Constellations: “ellie gordon-moershel – anatomy of the road” & “janet rogers – broken english” — “Anatomy of the road” is a dull, predictable bit of drama in itself, but I can imagine it going somewhere interesting in its continuation. Apparently that will happen. “Broken english” is more fun, on account of its basically being music. I’m all for the line between music and talk radio being blurred.

What Trump Can Teach Us About Con Law: “Right to Dissent” & “Criminal Justice and the POTUS” — Two great, disquieting episodes of a forever disquieting show about how everything is changing for the worse because the most powerful man in the world is a baby with no understanding of the system he’s at the head of. The criminal justice episode is particularly good, because it references Trump’s response to the Central Park Five to help understand his current stance on criminal justice, which is deplorable.

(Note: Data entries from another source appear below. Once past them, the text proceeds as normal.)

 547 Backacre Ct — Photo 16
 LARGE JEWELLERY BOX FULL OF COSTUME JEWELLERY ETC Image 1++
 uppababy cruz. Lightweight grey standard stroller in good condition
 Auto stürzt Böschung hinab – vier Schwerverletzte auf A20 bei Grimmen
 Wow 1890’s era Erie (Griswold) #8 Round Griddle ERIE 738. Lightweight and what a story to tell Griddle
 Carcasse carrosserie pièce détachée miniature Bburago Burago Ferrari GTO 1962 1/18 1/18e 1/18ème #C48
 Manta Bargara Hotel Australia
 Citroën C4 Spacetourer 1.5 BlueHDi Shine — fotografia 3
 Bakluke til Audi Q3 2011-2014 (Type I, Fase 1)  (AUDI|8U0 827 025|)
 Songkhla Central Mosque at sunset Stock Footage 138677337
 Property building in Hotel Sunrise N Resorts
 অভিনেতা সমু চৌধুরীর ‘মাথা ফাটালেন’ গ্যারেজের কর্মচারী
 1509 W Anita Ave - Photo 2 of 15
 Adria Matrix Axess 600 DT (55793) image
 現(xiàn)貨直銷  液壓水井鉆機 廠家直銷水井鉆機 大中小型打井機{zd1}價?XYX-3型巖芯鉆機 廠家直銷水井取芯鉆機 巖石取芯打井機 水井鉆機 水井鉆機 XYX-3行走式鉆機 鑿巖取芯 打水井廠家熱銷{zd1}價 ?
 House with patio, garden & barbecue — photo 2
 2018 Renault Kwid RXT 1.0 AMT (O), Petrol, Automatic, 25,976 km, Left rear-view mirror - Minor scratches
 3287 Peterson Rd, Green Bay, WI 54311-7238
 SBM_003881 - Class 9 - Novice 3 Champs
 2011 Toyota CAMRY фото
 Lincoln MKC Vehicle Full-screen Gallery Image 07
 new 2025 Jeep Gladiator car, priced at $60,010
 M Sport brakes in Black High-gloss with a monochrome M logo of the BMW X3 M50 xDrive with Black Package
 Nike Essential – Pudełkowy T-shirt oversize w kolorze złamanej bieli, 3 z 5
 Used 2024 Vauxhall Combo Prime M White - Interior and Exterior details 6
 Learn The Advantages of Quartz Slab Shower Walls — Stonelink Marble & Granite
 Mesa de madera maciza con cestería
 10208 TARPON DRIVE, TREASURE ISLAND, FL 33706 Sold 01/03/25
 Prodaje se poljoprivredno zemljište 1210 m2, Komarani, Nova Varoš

StartUp: “The Race for a Driverless Future” — It’s been a long time since I listened to the first part of this two-parter, but I remember it was more fun than this. If this show were continuing with this episodic approach, it would be gone from my feed.

Omnibus (week of Oct. 22, 2017)

Happy Halloween. I’ve got a couple of CBC things out this week, both focussed on spooky stuff. Firstly, my piece on a filmmaker who has made a horror experience for VR headsets was featured on the national program The Story From Here, which is certainly nice. You can hear that piece at 8:15 of this podcast. Do stick around for the story about learning the Mi’kmaq language; it is great and much more important than my Silly Documentary About Screaming. Also, if you really want to go deep, you can see some very embarrassing video of me during the VR experience here.

Also, yesterday’s instalment of my usual pop culture column was a Halloween spook fest that I facetiously titled “SERIOUS HALLOWEEN,” because this time of year is altogether too silly, and nobody can rectify this but me. That’s at 1:22:04 of this podcast.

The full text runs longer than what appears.